Goal of the exercise ▸
Please print, exactly, only the lines in the entries below from the line that has "鲁豫23岁旧照曝光，模样清纯婴儿肥明显，曾是央" through the line that has "Thumbnail: 2023 Tesla Model 3 - 7". Pictures don't go in.

Recorded data ▸
== Segment start ==

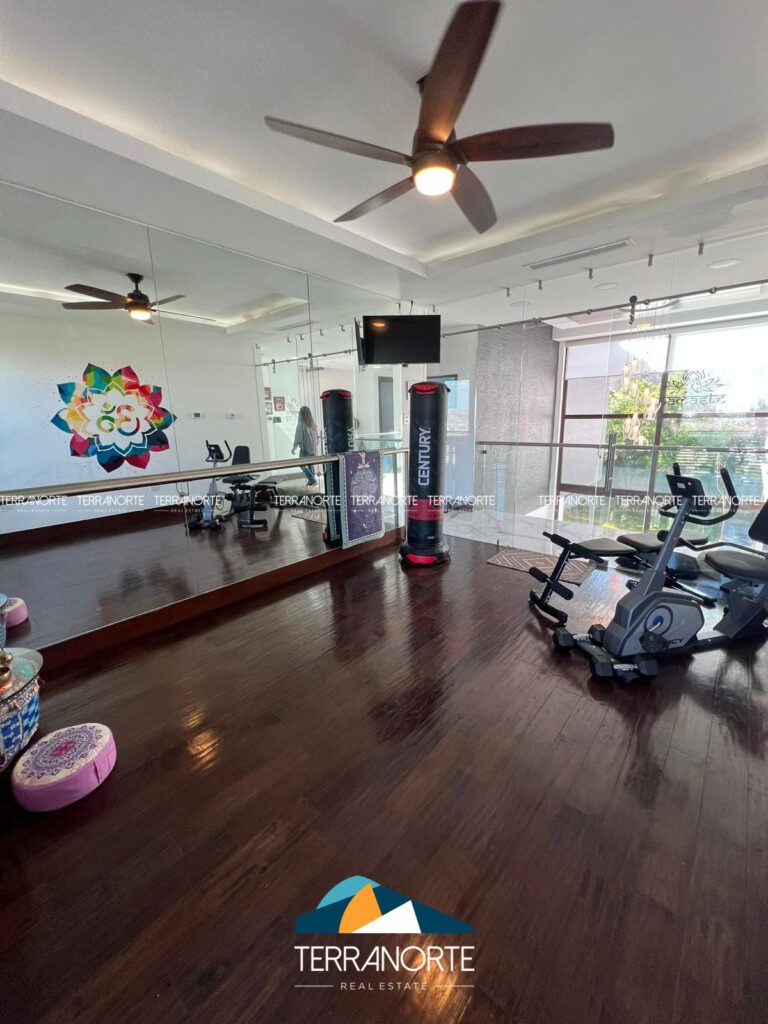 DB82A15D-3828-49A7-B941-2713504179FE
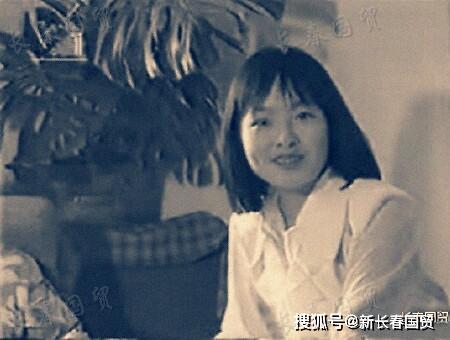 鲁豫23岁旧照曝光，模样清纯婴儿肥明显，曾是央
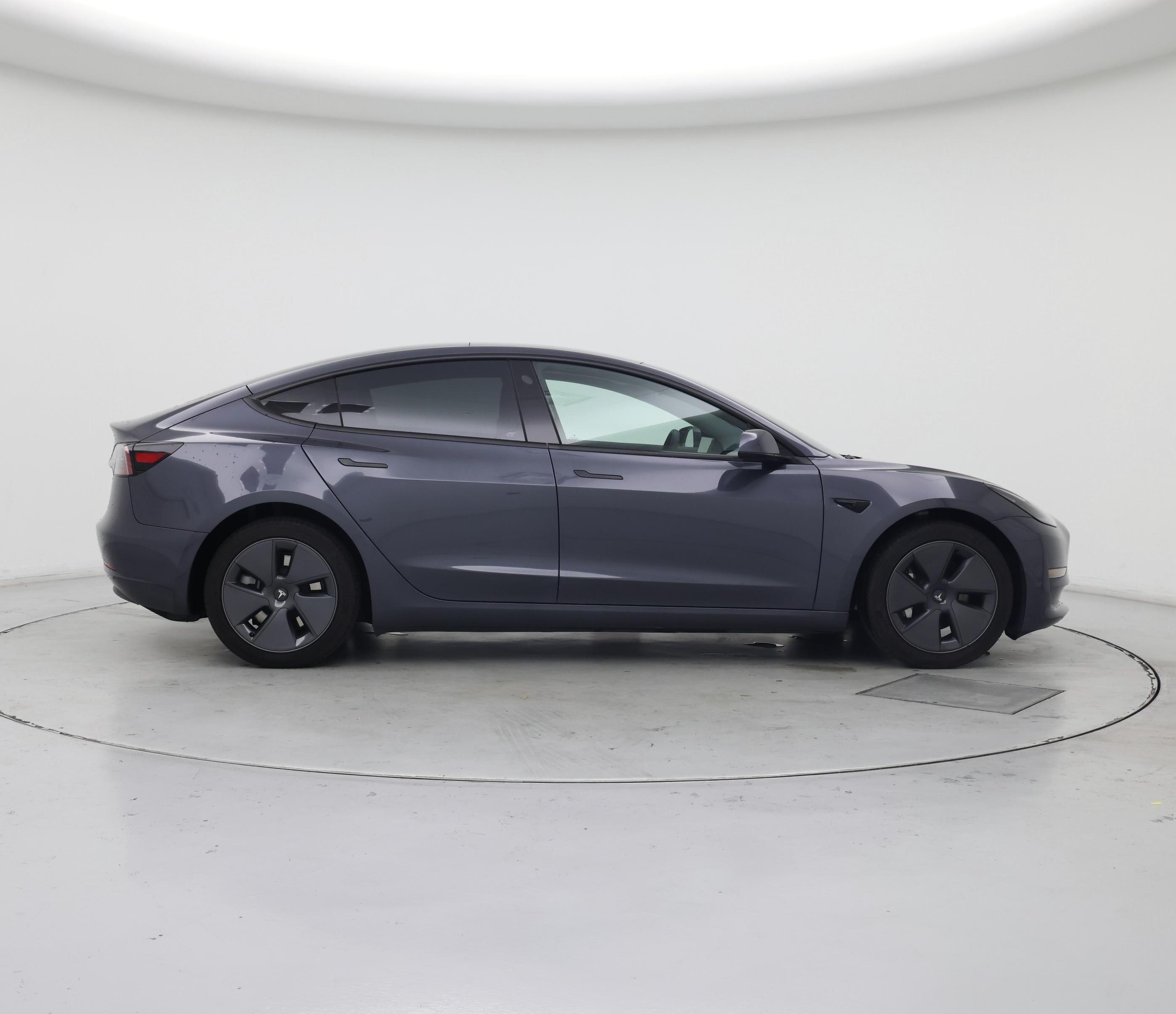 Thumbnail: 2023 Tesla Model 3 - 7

== Segment end ==
== Segment start ==

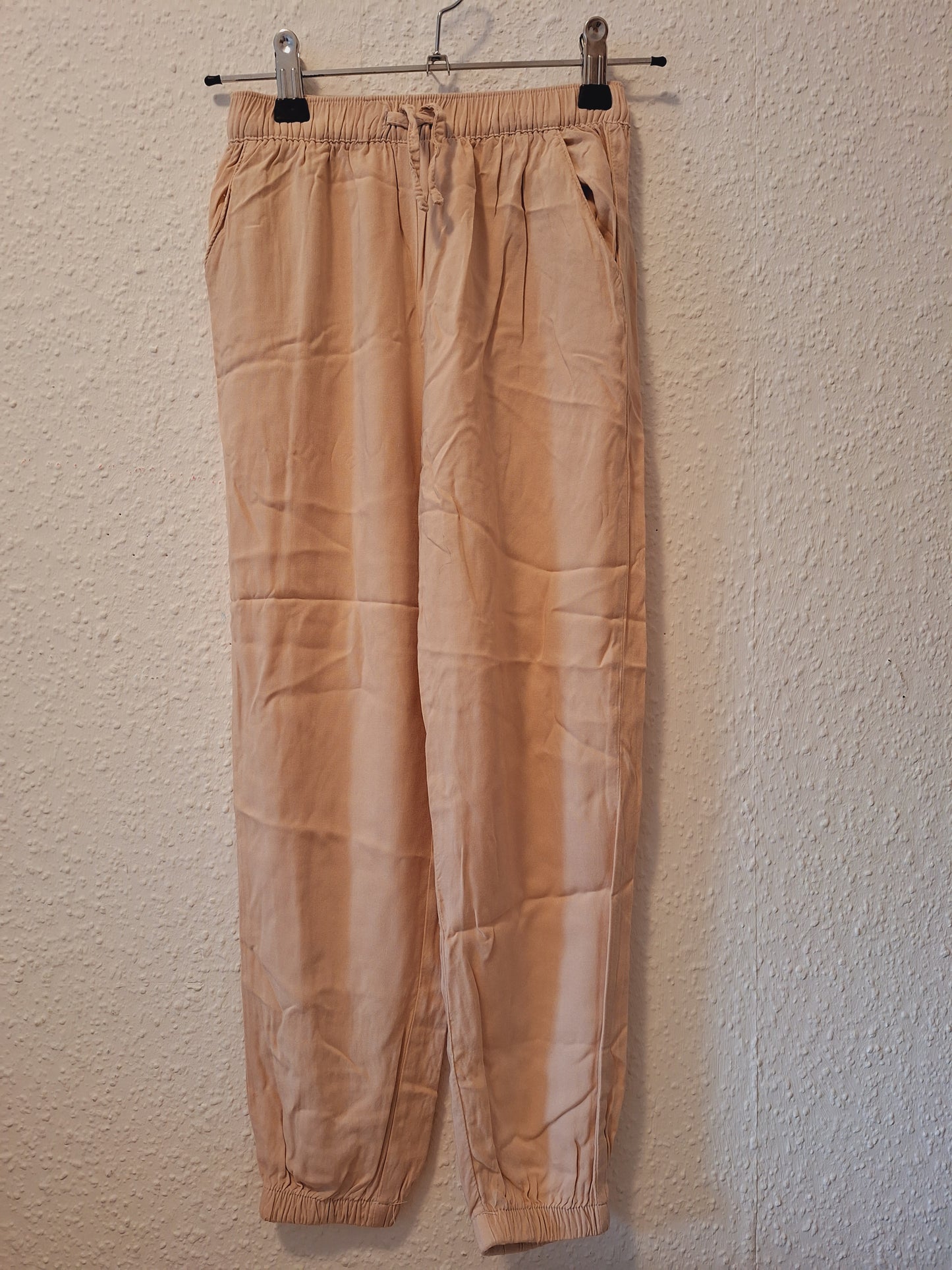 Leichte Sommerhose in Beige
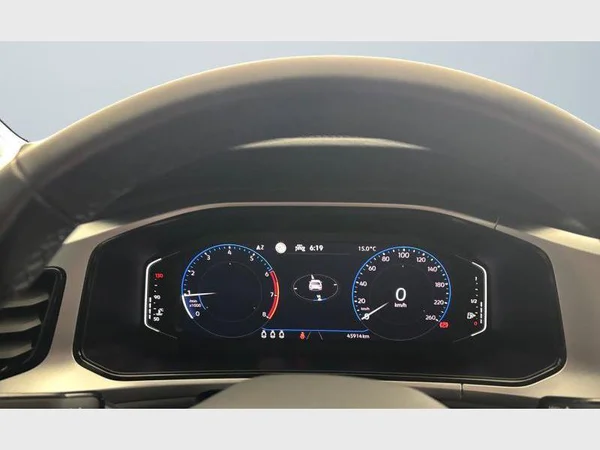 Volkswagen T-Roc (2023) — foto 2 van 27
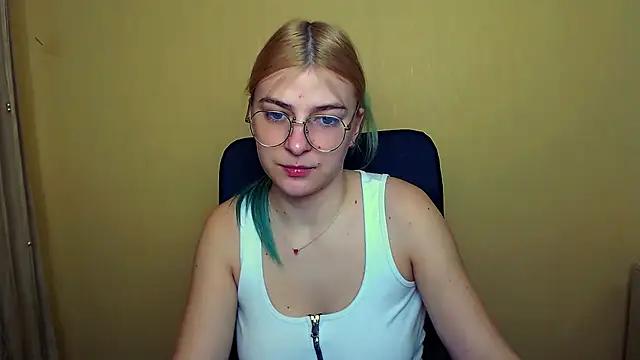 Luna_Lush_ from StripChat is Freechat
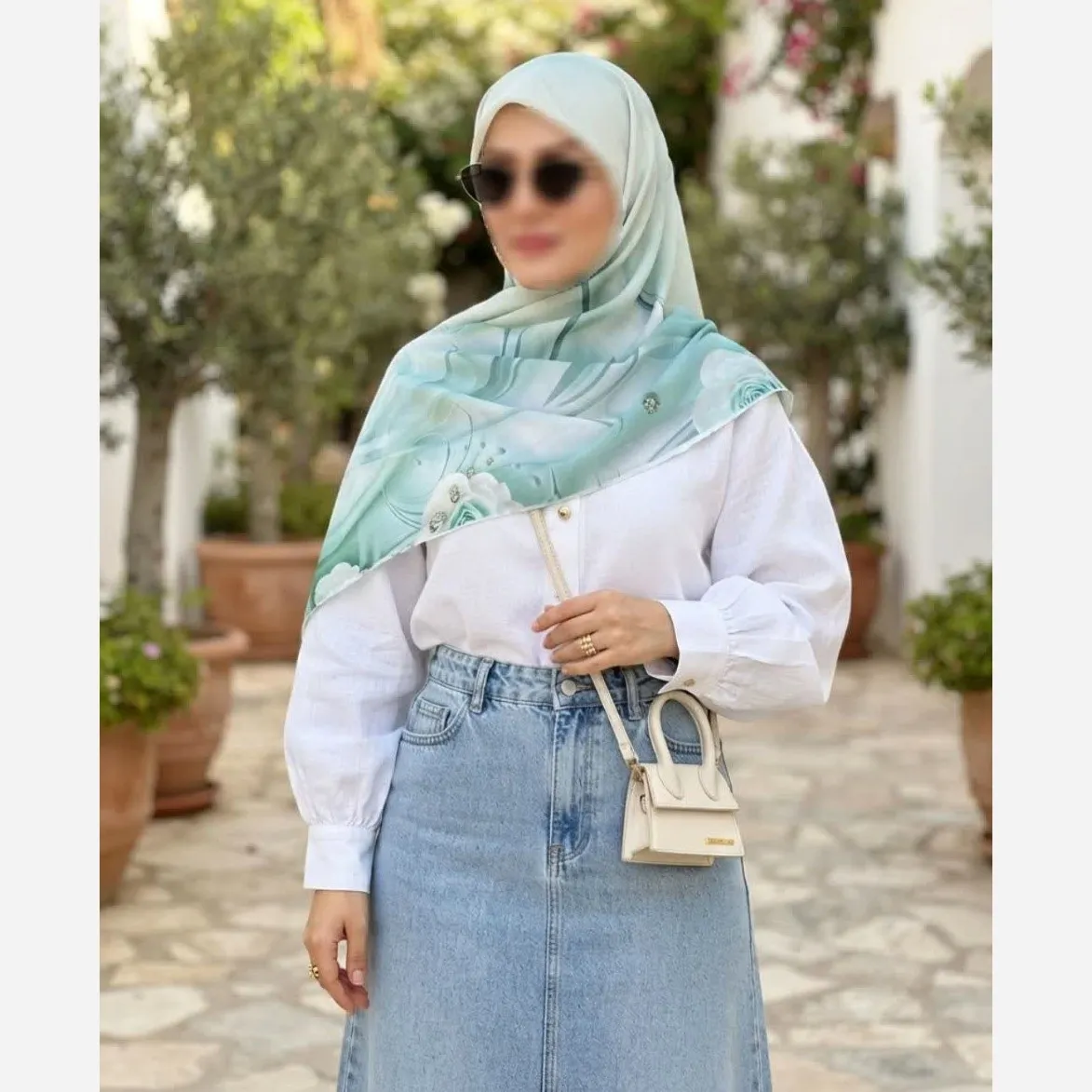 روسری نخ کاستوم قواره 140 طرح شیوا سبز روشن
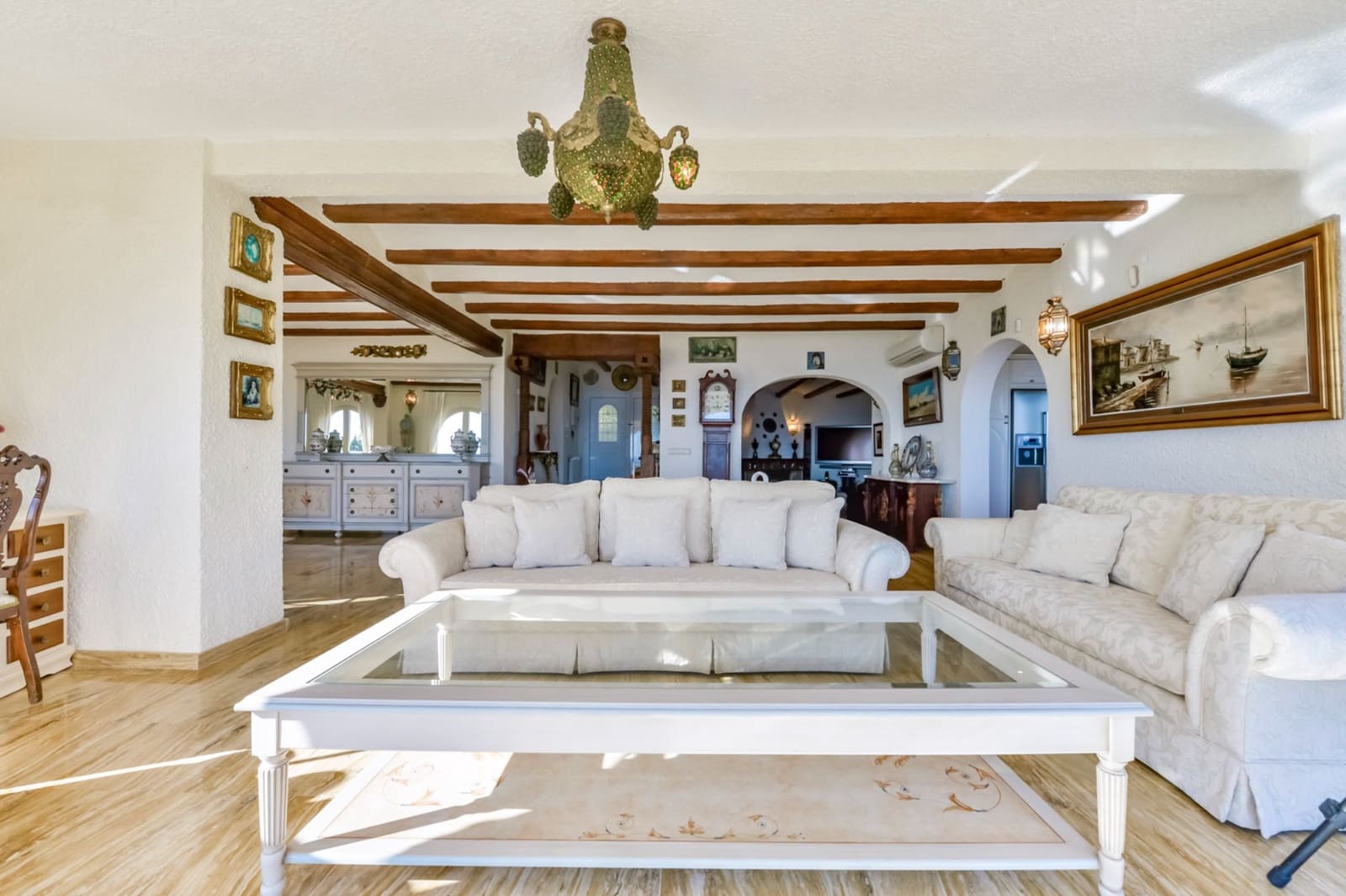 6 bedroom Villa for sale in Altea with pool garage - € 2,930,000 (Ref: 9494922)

== Segment end ==

Response ▸
 鲁豫23岁旧照曝光，模样清纯婴儿肥明显，曾是央
 Thumbnail: 2023 Tesla Model 3 - 7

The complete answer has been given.